## Les expresions régulières
### Introduction Dataset

In [1]:
import csv

f = open("askreddit-2015.csv", 'r', encoding='utf-8')
posts = list(csv.reader(f))
posts[:10]

[['Title', 'Score', 'Time', 'Gold', 'NumComs'],
 ['What\'s your internet "white whale", something you\'ve been searching for years to find with no luck?',
  '11510',
  '1433213314.0',
  '1',
  '26195'],
 ["What's your favorite video that is 10 seconds or less?",
  '8656',
  '1434205517.0',
  '4',
  '8479'],
 ['What are some interesting tests you can take to find out about yourself?',
  '8480',
  '1443409636.0',
  '1',
  '4055'],
 ["PhD's of Reddit. What is a dumbed down summary of your thesis?",
  '7927',
  '1440188623.0',
  '0',
  '13201'],
 ['What is cool to be good at, yet uncool to be REALLY good at?',
  '7711',
  '1440082910.0',
  '0',
  '20325'],
 ['[Serious] Redditors currently in a relationship, besides dinner and a movie, what are your favorite activities for date night?',
  '7598',
  '1439993280.0',
  '2',
  '5389'],
 ["Parents of Reddit, what's something that your kid has done that you pretended to be angry about but secretly impressed or amused you?",
  '7553',
  '143916180

In [2]:
posts = posts[1:]
for post in posts[:10]:
    print(post)

['What\'s your internet "white whale", something you\'ve been searching for years to find with no luck?', '11510', '1433213314.0', '1', '26195']
["What's your favorite video that is 10 seconds or less?", '8656', '1434205517.0', '4', '8479']
['What are some interesting tests you can take to find out about yourself?', '8480', '1443409636.0', '1', '4055']
["PhD's of Reddit. What is a dumbed down summary of your thesis?", '7927', '1440188623.0', '0', '13201']
['What is cool to be good at, yet uncool to be REALLY good at?', '7711', '1440082910.0', '0', '20325']
['[Serious] Redditors currently in a relationship, besides dinner and a movie, what are your favorite activities for date night?', '7598', '1439993280.0', '2', '5389']
["Parents of Reddit, what's something that your kid has done that you pretended to be angry about but secretly impressed or amused you?", '7553', '1439161809.0', '0', '11520']
['What is a good subreddit to binge read the All Time Top Posts of?', '7498', '1438822288.0',

### Compter les correspondances avec le module re()

In [7]:
# re.search(regex, string) => renvoie un objet "match" ou None
# "of Reddit"
import re

of_reddit_count = 0
for post in posts:
    if re.search('of Reddit', post[0]) is not None:
        of_reddit_count += 1
        
print(f"il y a {of_reddit_count} occurences de la chaîne 'of Reddit'")
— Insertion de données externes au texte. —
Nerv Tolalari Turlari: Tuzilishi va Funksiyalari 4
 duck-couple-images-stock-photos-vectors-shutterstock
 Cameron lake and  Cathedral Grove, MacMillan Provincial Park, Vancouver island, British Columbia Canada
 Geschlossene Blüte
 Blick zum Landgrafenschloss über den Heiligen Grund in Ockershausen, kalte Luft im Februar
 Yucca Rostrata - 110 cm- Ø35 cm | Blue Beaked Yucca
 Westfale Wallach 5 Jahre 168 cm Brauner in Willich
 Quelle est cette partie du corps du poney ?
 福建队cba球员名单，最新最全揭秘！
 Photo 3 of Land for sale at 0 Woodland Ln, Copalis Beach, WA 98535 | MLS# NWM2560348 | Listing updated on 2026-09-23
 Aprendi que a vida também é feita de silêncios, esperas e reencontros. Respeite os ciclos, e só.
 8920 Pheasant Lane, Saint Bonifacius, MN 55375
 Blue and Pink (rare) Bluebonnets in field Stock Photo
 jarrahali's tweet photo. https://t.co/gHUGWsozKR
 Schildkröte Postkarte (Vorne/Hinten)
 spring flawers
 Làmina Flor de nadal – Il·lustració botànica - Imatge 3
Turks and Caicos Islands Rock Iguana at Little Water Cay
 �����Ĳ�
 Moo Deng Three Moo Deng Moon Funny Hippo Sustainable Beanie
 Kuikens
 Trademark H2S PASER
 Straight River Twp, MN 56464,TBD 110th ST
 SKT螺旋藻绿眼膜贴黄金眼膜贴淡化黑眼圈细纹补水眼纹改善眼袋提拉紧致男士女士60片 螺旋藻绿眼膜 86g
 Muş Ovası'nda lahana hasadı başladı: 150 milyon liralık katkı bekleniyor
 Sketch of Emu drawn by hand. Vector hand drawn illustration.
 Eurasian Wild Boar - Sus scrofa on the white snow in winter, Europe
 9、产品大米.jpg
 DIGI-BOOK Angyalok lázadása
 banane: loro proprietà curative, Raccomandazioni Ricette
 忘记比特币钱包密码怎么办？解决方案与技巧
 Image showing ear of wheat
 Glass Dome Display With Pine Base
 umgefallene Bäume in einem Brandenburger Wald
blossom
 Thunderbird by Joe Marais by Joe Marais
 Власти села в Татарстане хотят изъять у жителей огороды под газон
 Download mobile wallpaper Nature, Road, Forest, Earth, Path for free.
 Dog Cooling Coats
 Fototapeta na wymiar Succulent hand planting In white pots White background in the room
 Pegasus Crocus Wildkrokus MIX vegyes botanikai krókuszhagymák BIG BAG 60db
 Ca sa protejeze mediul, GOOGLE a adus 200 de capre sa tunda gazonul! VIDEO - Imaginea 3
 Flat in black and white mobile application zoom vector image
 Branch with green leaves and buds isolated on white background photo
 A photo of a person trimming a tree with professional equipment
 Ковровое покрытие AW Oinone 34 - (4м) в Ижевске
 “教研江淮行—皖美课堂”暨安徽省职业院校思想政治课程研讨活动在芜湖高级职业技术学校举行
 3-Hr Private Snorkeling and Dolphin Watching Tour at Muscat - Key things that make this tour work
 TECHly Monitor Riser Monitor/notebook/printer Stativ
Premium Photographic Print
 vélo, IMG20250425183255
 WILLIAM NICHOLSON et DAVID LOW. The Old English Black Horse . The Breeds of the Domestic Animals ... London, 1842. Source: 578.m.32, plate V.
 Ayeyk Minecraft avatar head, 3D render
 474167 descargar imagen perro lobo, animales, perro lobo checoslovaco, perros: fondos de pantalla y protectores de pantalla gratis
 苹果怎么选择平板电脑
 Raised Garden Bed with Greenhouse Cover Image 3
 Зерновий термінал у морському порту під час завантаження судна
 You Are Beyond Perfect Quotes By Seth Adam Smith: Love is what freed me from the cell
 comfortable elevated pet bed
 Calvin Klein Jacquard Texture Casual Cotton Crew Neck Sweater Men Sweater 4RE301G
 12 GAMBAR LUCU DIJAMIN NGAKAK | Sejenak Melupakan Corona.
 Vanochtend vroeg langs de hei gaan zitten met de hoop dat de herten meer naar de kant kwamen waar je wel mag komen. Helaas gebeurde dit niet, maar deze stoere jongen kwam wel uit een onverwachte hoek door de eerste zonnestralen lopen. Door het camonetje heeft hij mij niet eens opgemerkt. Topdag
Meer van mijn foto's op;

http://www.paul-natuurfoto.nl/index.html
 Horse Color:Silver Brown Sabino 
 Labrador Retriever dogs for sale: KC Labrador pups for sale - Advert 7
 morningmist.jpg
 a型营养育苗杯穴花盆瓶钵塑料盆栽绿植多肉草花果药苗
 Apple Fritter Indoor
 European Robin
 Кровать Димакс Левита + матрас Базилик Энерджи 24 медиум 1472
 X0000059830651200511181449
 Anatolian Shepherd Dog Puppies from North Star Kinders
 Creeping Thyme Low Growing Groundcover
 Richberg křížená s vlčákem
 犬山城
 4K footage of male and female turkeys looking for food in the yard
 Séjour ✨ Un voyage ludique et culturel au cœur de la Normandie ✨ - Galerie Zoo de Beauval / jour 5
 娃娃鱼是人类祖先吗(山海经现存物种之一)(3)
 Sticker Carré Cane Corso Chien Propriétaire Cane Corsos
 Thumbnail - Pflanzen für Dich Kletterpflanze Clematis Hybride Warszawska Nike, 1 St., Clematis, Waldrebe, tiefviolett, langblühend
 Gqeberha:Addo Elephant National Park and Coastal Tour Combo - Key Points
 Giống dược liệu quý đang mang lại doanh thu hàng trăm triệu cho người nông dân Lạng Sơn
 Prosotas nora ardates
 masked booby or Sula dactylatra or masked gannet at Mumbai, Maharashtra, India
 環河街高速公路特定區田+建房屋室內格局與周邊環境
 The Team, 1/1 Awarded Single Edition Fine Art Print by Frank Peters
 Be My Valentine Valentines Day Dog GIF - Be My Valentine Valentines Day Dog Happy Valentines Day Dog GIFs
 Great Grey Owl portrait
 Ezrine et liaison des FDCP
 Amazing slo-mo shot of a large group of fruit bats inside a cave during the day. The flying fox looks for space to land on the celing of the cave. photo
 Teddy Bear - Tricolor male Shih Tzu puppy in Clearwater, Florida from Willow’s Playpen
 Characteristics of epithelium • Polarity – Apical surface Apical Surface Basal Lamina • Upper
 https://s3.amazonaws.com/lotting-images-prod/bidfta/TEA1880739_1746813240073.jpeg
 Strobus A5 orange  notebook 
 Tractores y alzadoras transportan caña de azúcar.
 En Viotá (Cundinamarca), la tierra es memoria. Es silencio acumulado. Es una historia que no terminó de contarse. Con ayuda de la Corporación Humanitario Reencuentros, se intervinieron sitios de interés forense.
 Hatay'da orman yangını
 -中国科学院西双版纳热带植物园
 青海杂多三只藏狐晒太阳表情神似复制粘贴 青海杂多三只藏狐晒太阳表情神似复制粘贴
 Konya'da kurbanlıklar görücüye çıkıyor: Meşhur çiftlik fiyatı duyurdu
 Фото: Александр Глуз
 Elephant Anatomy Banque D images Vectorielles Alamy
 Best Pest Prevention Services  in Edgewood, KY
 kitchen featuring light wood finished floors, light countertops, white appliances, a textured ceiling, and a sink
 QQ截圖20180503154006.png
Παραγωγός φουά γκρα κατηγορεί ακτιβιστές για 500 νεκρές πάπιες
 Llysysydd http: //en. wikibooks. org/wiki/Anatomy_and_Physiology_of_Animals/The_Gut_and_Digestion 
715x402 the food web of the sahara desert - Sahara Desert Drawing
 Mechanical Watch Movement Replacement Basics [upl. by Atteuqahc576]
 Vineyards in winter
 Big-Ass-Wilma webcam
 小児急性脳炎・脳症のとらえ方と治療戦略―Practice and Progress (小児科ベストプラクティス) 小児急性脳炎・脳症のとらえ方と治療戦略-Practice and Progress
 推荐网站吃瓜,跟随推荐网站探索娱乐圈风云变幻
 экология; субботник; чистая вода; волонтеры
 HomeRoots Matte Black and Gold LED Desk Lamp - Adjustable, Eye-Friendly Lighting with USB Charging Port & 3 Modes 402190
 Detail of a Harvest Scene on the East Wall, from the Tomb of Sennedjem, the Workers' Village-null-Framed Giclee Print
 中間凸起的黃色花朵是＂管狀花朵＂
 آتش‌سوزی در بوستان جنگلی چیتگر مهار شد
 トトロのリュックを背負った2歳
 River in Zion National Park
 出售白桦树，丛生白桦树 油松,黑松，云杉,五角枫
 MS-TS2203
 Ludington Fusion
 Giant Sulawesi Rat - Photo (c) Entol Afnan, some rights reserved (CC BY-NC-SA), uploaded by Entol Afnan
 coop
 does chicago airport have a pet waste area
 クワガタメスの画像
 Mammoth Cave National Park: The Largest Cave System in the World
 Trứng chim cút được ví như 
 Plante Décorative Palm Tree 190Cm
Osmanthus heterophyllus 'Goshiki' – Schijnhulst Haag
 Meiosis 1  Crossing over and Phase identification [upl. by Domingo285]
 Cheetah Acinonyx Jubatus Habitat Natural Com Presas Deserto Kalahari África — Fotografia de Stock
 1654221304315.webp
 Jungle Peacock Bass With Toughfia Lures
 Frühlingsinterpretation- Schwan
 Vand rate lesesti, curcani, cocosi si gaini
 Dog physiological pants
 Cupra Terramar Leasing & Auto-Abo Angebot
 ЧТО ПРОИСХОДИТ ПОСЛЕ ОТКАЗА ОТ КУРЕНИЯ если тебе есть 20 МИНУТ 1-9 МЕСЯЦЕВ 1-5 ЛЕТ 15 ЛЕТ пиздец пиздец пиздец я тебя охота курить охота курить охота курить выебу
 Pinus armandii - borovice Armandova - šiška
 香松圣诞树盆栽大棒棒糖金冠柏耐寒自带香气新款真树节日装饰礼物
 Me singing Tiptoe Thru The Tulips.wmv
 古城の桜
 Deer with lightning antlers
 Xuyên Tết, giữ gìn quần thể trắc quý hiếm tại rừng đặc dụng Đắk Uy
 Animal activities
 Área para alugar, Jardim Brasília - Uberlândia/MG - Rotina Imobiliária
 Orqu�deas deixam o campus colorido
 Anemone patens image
il y a 76 occurences de la chaîne 'of Reddit'


### Crochets pour matcher avec plusieurs lettres

In [8]:
import re

of_reddit_count = 0
for post in posts:
    if re.search('of [rR]eddit', post[0]) is not None:
        of_reddit_count += 1
        
print(f"il y a {of_reddit_count} occurences de la chaîne 'of Reddit'")

il y a 102 occurences de la chaîne 'of Reddit'


### Ignorer des caractères spéciaux

In [10]:
# [Serious]

import re

serious_count = 0
for post in posts:
    if re.search('\[Serious\]', post[0]) is not None:
        serious_count += 1
        
print(f"il y a {serious_count} occurences de la chaîne '[Serious]'")



il y a 69 occurences de la chaîne '[Serious]'


### Amélioration de notre Regex

In [11]:
# Comptons les tags (Serious), (serious), [Serious] et [serious]

import re

serious_count = 0
for post in posts:
    if re.search('[\(\[][Ss]erious[\]\)]', post[0]) is not None:
        serious_count += 1
        
print(f"il y a {serious_count} occurences ")

il y a 80 occurences 


### Combiner plusieurs regex

In [13]:
# Comptons les tags (Serious), (serious), [Serious] et [serious] au début du titre -> serious_start_count
# Comptons les tags (Serious), (serious), [Serious] et [serious] en fin de titre -> serious_end_count
# Comptons les tags (Serious), (serious), [Serious] et [serious] au débutou à la fin  du titre -> serious_count_final

import re

serious_start_count = 0
serious_end_count = 0
serious_count_final = 0
for post in posts:
    if re.search('^[\(\[][Ss]erious[\]\)]', post[0]) is not None:
        serious_start_count += 1
    if re.search('[\(\[][Ss]erious[\]\)]$', post[0]) is not None:
        serious_end_count += 1
    if re.search('^[\(\[][Ss]erious[\]\)]|[\(\[][Ss]erious[\]\)]$', post[0]) is not None:
        serious_count_final += 1 
        

print(f"il y a {serious_start_count} occurences de Serious avec/sans majuscules crochets/parenthèses au début")        
print(f"il y a {serious_end_count} occurences de Serious avec/sans majuscules crochets/parenthèses à la fin")
print(f"il y a {serious_count_final} occurences de Serious avec/sans majuscules crochets/parenthèses  au début ou à la fin")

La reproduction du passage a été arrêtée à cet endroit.